Diagnosis in January and August 2024
25. Mr H complains that following his diagnosis reviews in January and August 2024, the Trust inaccurately maintained his diagnosis of EUPD. He also says during these assessments, the consultants overlooked his complex mental health needs and failed to consider alternative diagnoses such as C-PTSD or bipolar (a mental health condition where you have extreme mood changes).

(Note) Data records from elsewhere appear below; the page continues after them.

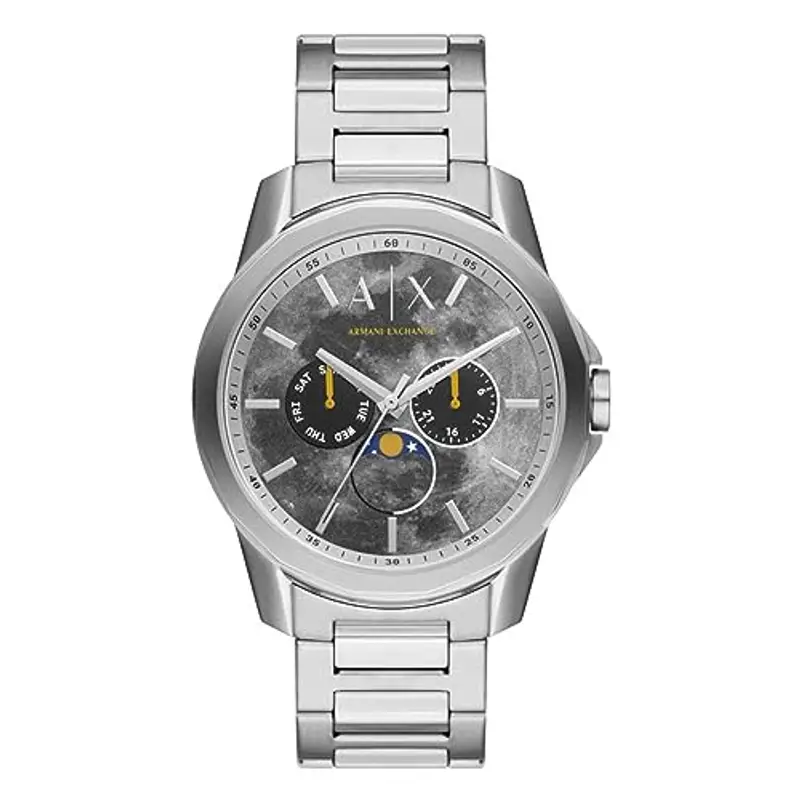 Armani Exchange Orologio per uomo, Movimento al quarzo multifunzione e cassa da 44 mm con cinturino in acciaio, Tono argento e grunge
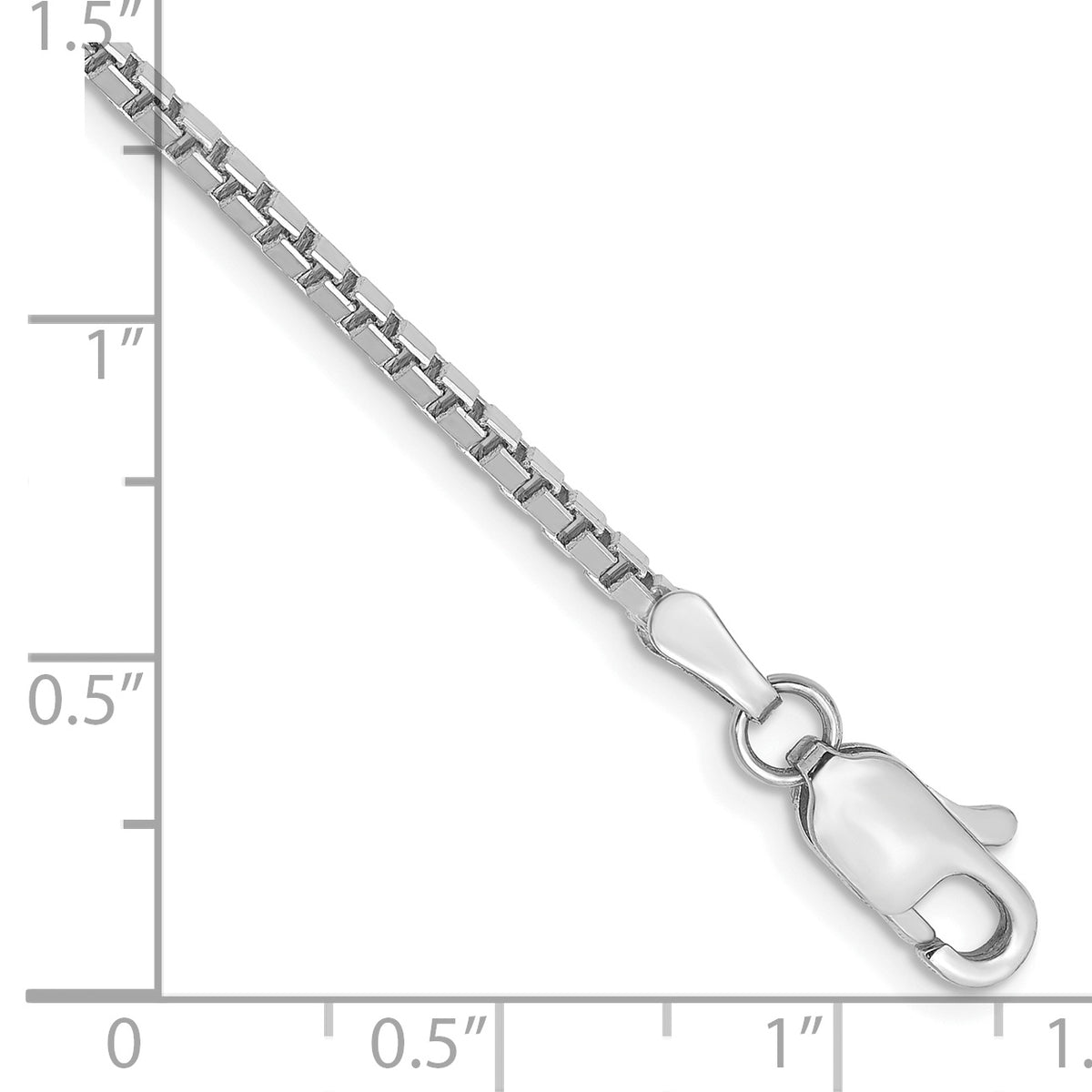 Gold (10K & 14K) Box Chain Bracelet - 14k White Gold / 7 in / 1.9 mm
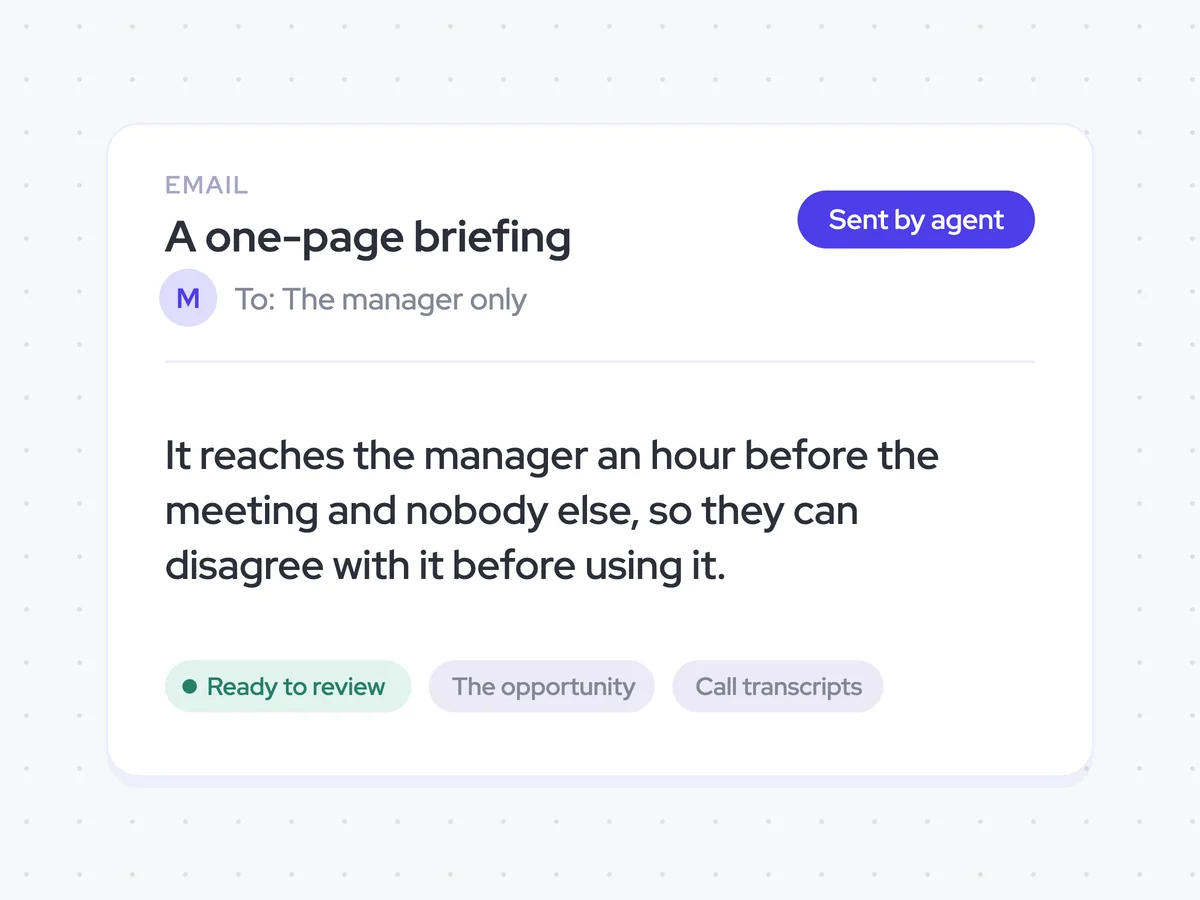A one-page one-to-one briefing in the manager’s inbox before the meeting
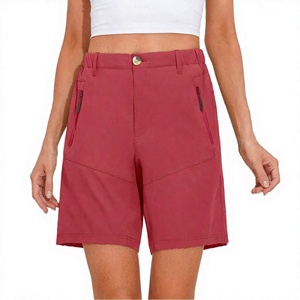 Shorts pour femmes à taille haute, couleur unie, séchage rapide, en polyester, décontractés, avec fermeture boutonnée - Product Image 3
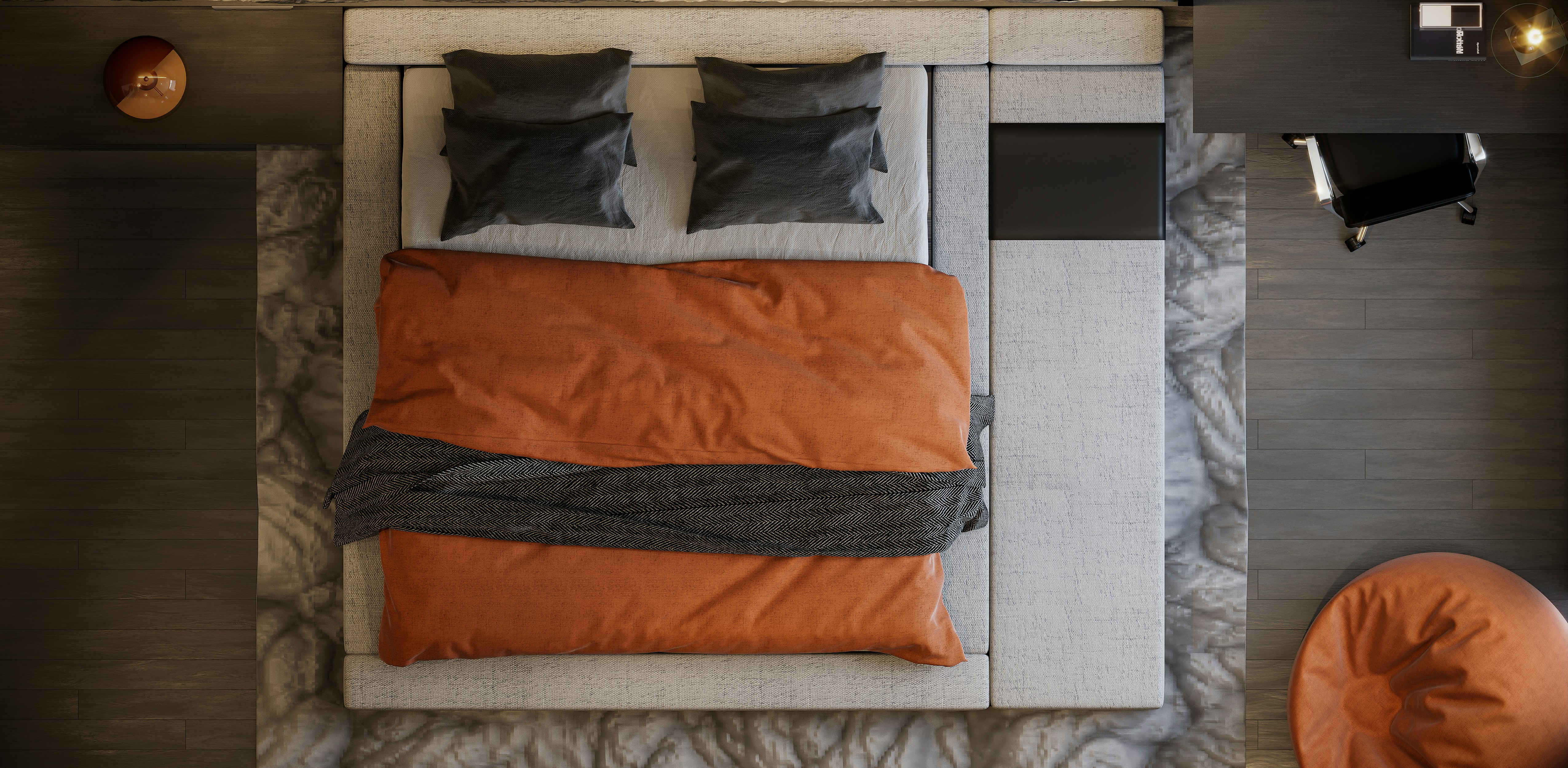 a box with a picture of a bed and a pillow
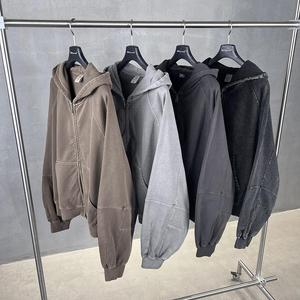 <b>Mens</b> Dark <b>Grey</b> Solid Vintage Wash Oversized Full Zip Hoodie Long Sleeve Casual Streetwear Activewear OEM ODM Wholesale Apparel - Product Image 3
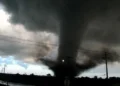 Damaged homes after Oklahoma tornado strikes Enid residential area - KWTV/KOTV via AP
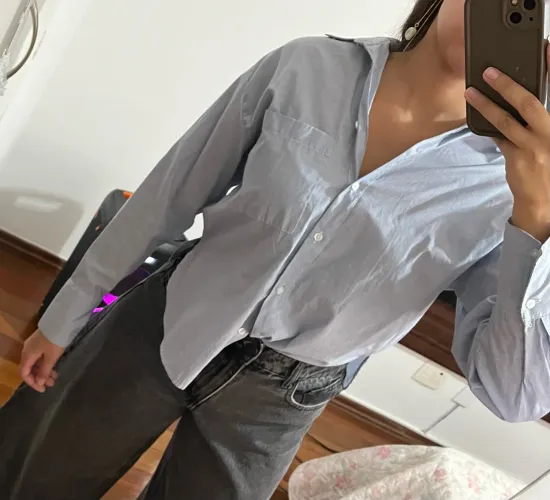 Camisa social azul clara manga longa
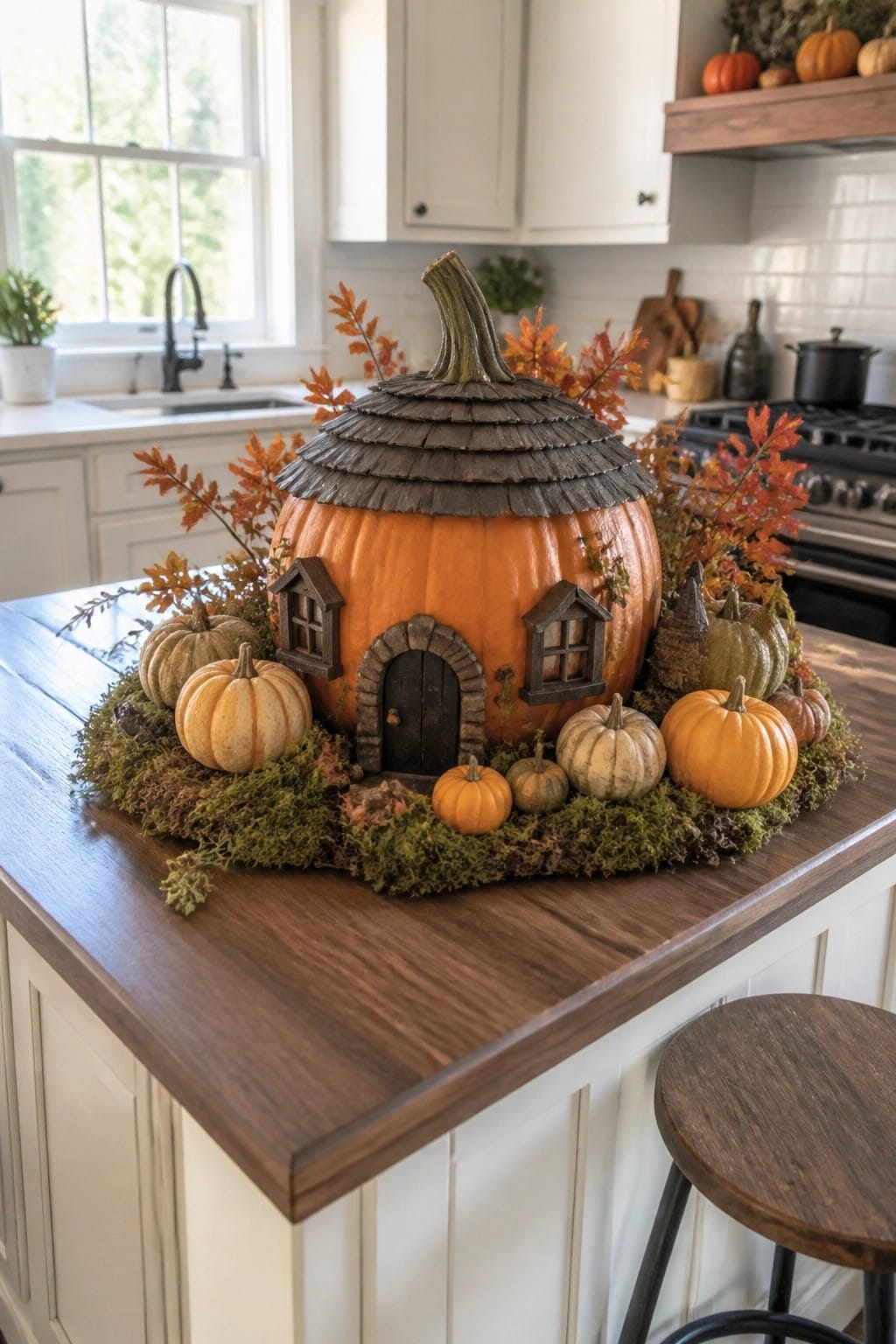 Large orange pumpkin decorated as a miniature house with a dark shingled roof, wooden door, and windows, displayed on a kitchen island with smaller pumpkins and moss.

26. We have reviewed the clinic letters from these assessments, dated 24 January and 9 August 2024. We have also reviewed the Trust’s final complaint response, dated 27 November 2024. In the clinic letter from January, the consultant said Mr H clearly met the criteria for the diagnosis of EUPD and he may have C-PTSD, but this needed further corroboration. They said there was no evidence to support a diagnosis of bipolar.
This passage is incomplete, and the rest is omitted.